Can autocast context manager be used around all of training loop?

Often one has a method like train_one_epoch. Can I just use autocast around the call of this method? Or must we wrap only the call to the model after data iteration / move to device is done?

I would stick to the recommended usage of moving the model’s forward and loss calculation into the autocast context. These pieces from the docs might be interesting to check your use case:

autocast should wrap only the forward pass(es) of your network, including the loss computation(s). Backward passes under autocast are not recommended. Backward ops run in the same type that autocast used for corresponding forward ops.

Floating-point Tensors produced in an autocast-enabled region may be float16. After returning to an autocast-disabled region, using them with floating-point Tensors of different dtypes may cause type mismatch errors. If so, cast the Tensor(s) produced in the autocast region back to float32 (or other dtype if desired). If a Tensor from the autocast region is already float32, the cast is a no-op, and incurs no additional overhead.

Besides that autocast uses an internal cache to avoid re-casting constant tensors, which would never be freed if you are wrapping the entire code into an autocast region and you might thus have to either disable it or could suffer from increasing memory usage.

Does it cache both model parameters and model inputs? E.g. if only model parameters were cached, one could wrap the whole inference loop in autocast.

What I also don’t understand is at what moment tensors are cast to fp16? E.g. this is important for implementing forced fp32 module wrappers. E.g. there is an existing external module class that can’t be modified, and we’d like to wrap it / make a new module class that is always fp32 + inputs are not cast to fp16 if they are not coming from prior fp16 processing. E.g. there is a module ROIpool from wetectron/roi_pool.py at master · NVlabs/wetectron · GitHub. It is marked with apex.amp.float_function. I’d like to replace it with torchvision.ops.RoIPool, but how do I wrap ROIPooling module class such that rois argument never gets cast to fp16

The the Autocast and Custom Autograd Functions section use cases for custom methods are described. In your use case, since you don’t want to allow the inputs to be transformed to float16, you could disable autocast via a nested context manager:

In all cases, if you’re importing the function and can’t alter its definition, a safe fallback is to disable autocast and force execution in float32 ( or dtype) at any points of use where errors occur:

with autocast():
    ...
    with autocast(enabled=False):
        output = imported_function(input1.float(), input2.float())

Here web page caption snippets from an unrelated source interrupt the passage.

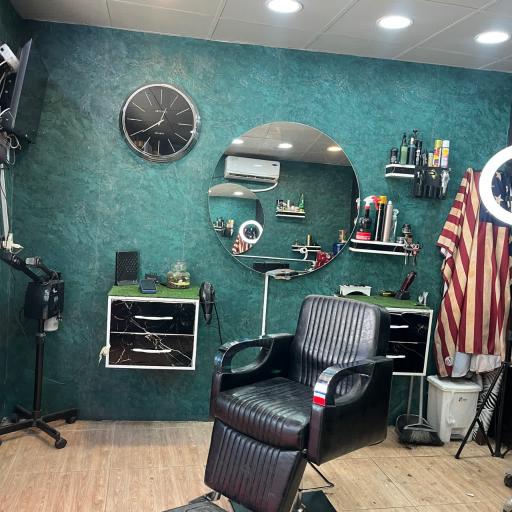 عکس آرایشگاه آقای آرایشگر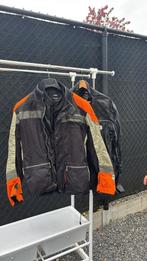 Motorvest BMW 3 pfasen  - 3 delig maat 52 large, Ophalen, Jas | textiel, Heren, BMW MOTORRAD KLEDING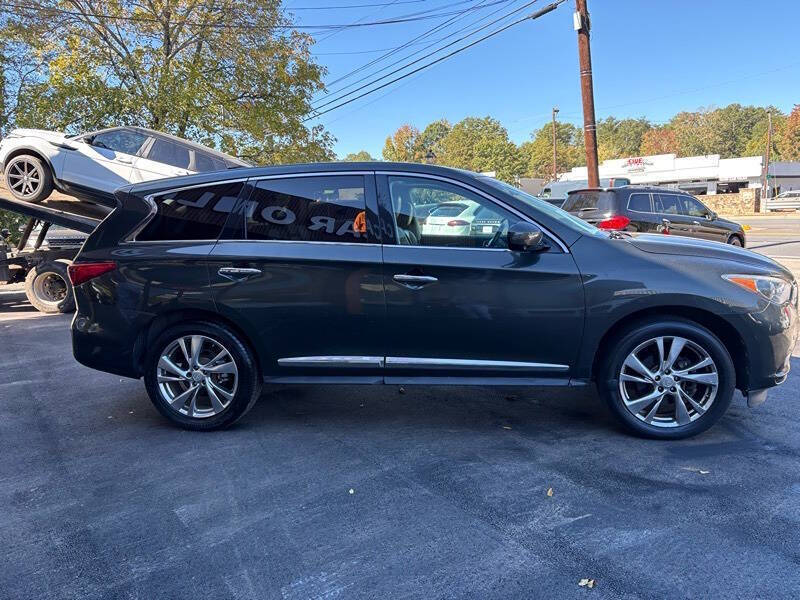 2014 Infiniti QX60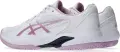 Кроссовки теннисные женские Asics SOLUTION SWIFT FF 2 бело-сиреневые 1042A265-102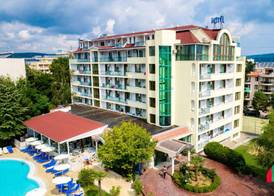 Perla Plaza Hotel - All Inclusive 4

I’m importing a module class, so I’d like to make a wrapping module class so that autocast wouldn’t cast unprocessed inputs to this module as fp16. Can I achieve that?

Pseudocode:

from torchvision.ops.misc import RoIPool as _RoIPool

class RoIPool(_RoiPool):
   def forward(self, x, rois)
     # how to decorate this function so that rois is never converted to fp16?
     return super().forward(x.float(), rois).type_as(x)

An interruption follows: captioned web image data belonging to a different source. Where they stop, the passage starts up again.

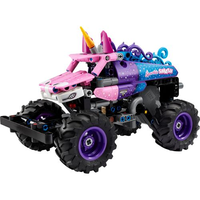 LEGO® Technic - Monster Jam Sparkle Smash com mecanismo de fricção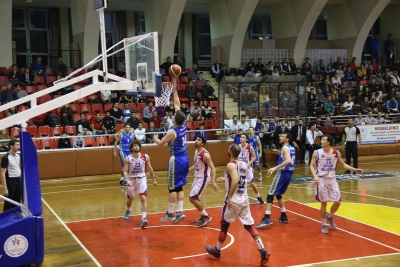 DENİZLİ BASKET 117 GÜNDÜR YENİLMİYOR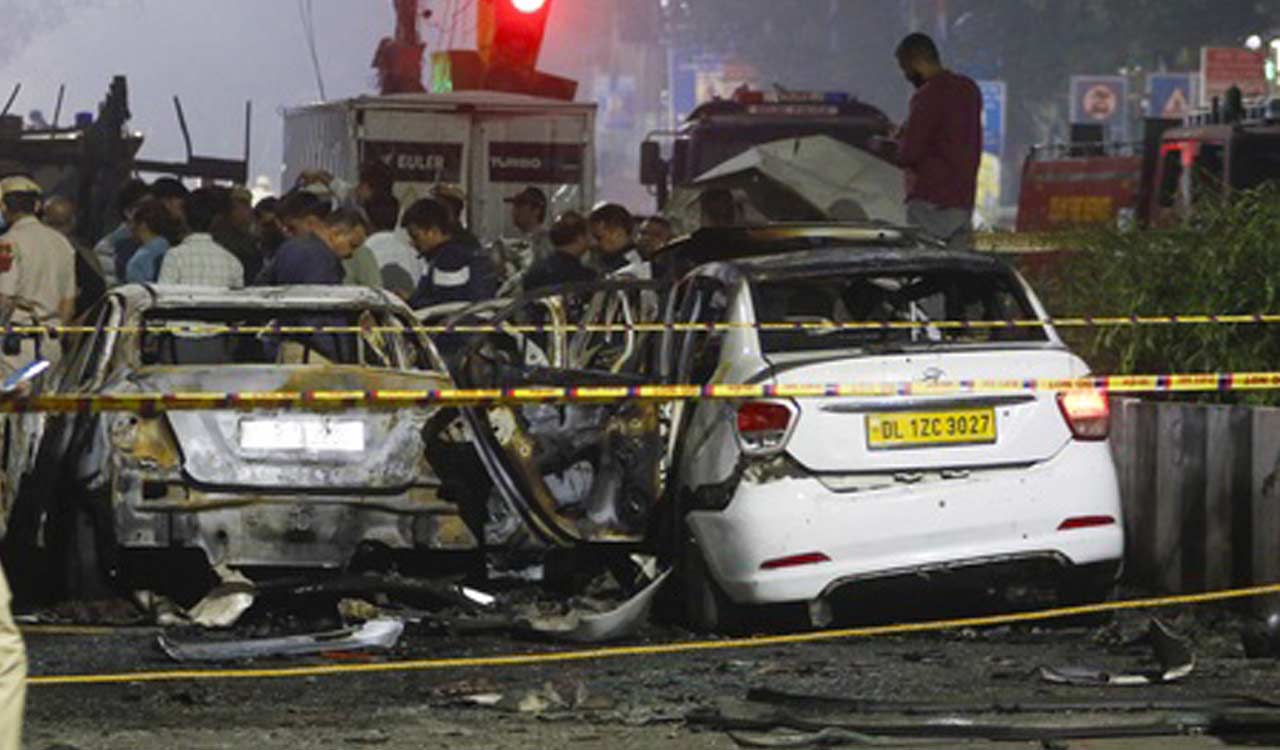 Delhi blast: DNA confirms doctor Umar Mohammad drove car that exploded near Red Fort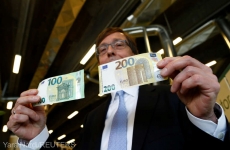 euro bancnote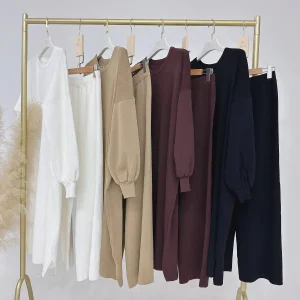 Modest Winter Set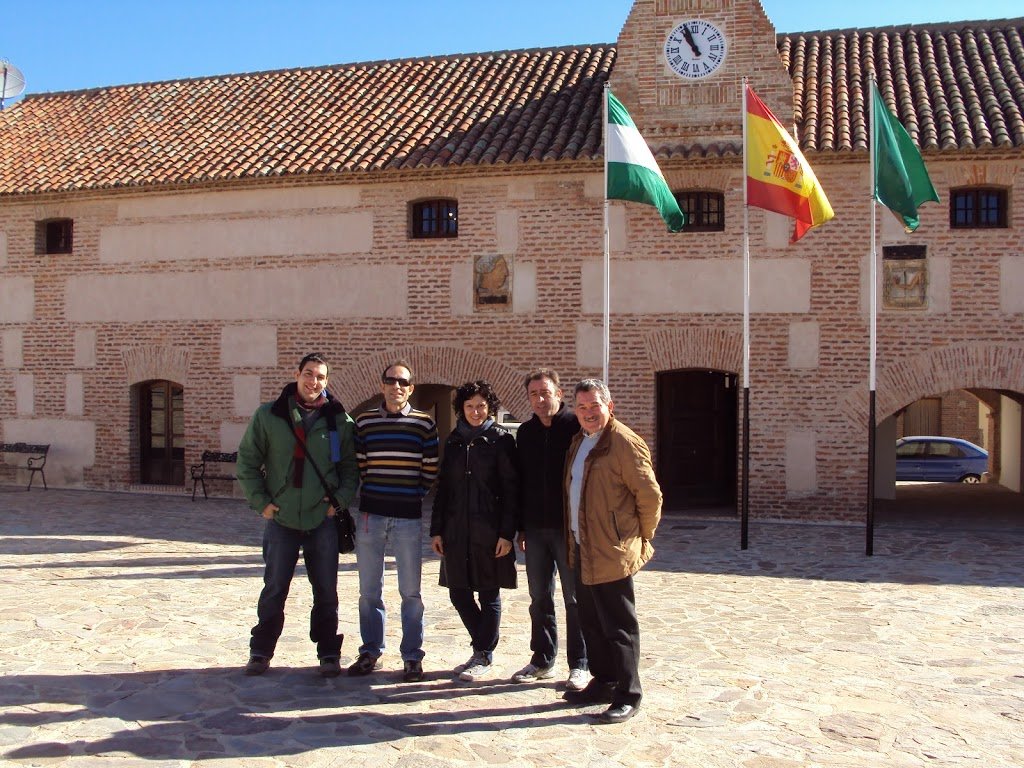 Fotos Fam Trip Jaén Desconocido II:Visita al Arte Rupestre Patrimonio de la Humanidad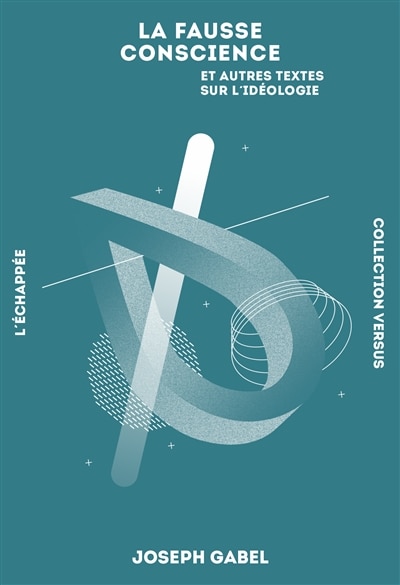 Front cover_La fausse conscience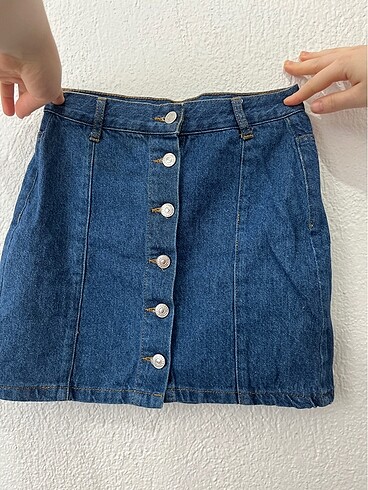 Pull and Bear Kot etek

# MyModel processes x and does not process rois (pipes them directly to the module)
model = MyModel(RoiPool())

for x, rois in data_loader:
  with autocast(enabled = True):
    model(x, rois).backward()
  ...

Part of my problem is that I don’t understand how autocast works: at what point / how are casts done?

Disable autocast in the forward as given in the previous example:

class RoIPool(_RoiPool):
   def forward(self, x, rois):
        with autocast(enabled=False):
        out = super().forward(x.float(), rois) 
    return out

Casts are done internally during the dispatching, but I would recommend not to rely on the internal implementation as it also might depend on the backend (e.g. I don’t know how autocast works exactly on the CPU).
Here is a code snippet showing the input and output dtypes for layers, which can cast to float16 and others which are using float32 due to the needed numerical precision:

def hook(module, input, output):
    print(module)
    print([i.dtype for i in input])
    print([o.dtype for o in output])

lin1 = nn.Linear(10, 10).cuda()    
lin1.register_forward_hook(hook)

lin2 = nn.Linear(10, 10).cuda()    
lin2.register_forward_hook(hook)

sm = nn.Softmax(dim=1).cuda()
sm.register_forward_hook(hook)

x = torch.randn(1, 10).cuda()

with torch.cuda.amp.autocast():
    out = lin1(x)
    out = lin2(out)
    out = sm(out)

Thank you! At least having a way to debug/trace these casts is awesome! Maybe worth adding this bit to documentation!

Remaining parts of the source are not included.